§ WHAT THE TASK REQUIRES: Transcribe the listing that follows in full, exactly, and drop its images.

§ STORED DATA:
★ ★ ★ ★ ★

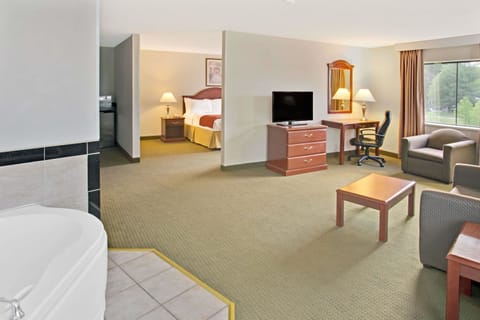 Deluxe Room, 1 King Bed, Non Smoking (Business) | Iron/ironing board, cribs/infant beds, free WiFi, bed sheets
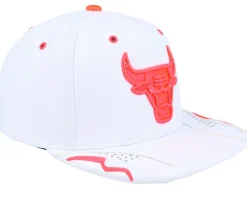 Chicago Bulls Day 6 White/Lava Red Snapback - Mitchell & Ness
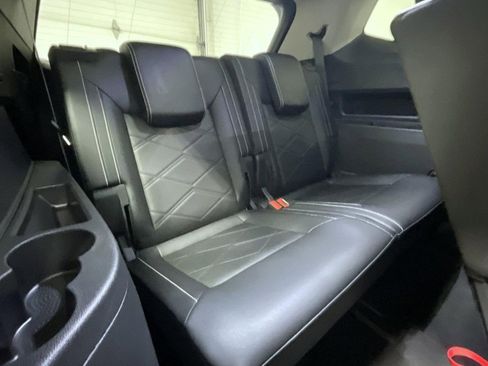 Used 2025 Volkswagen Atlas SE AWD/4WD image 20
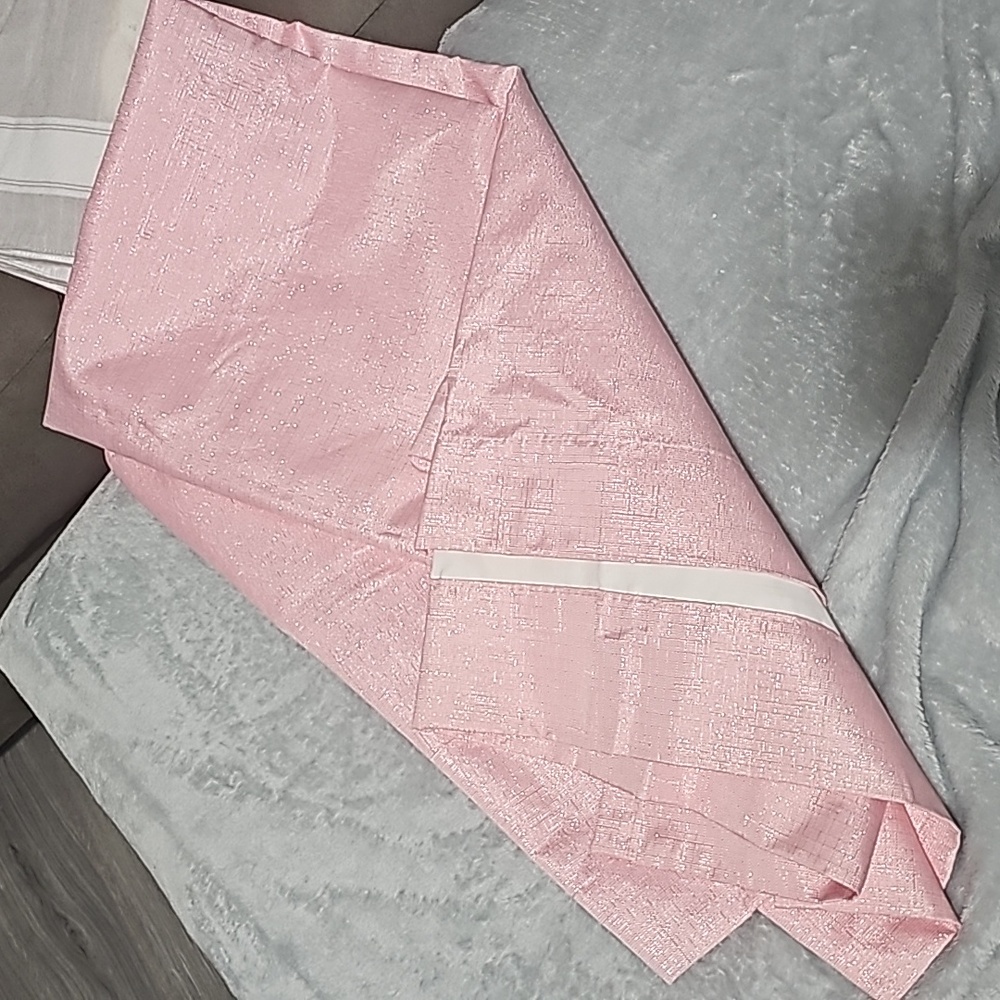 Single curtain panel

★ ★ ★ ★ ★

§ RESULT BELOW:
 Deluxe Room, 1 King Bed, Non Smoking (Business) | Iron/ironing board, cribs/infant beds, free WiFi, bed sheets
 Chicago Bulls Day 6 White/Lava Red Snapback - Mitchell & Ness
 Used 2025 Volkswagen Atlas SE AWD/4WD image 20
 Single curtain panel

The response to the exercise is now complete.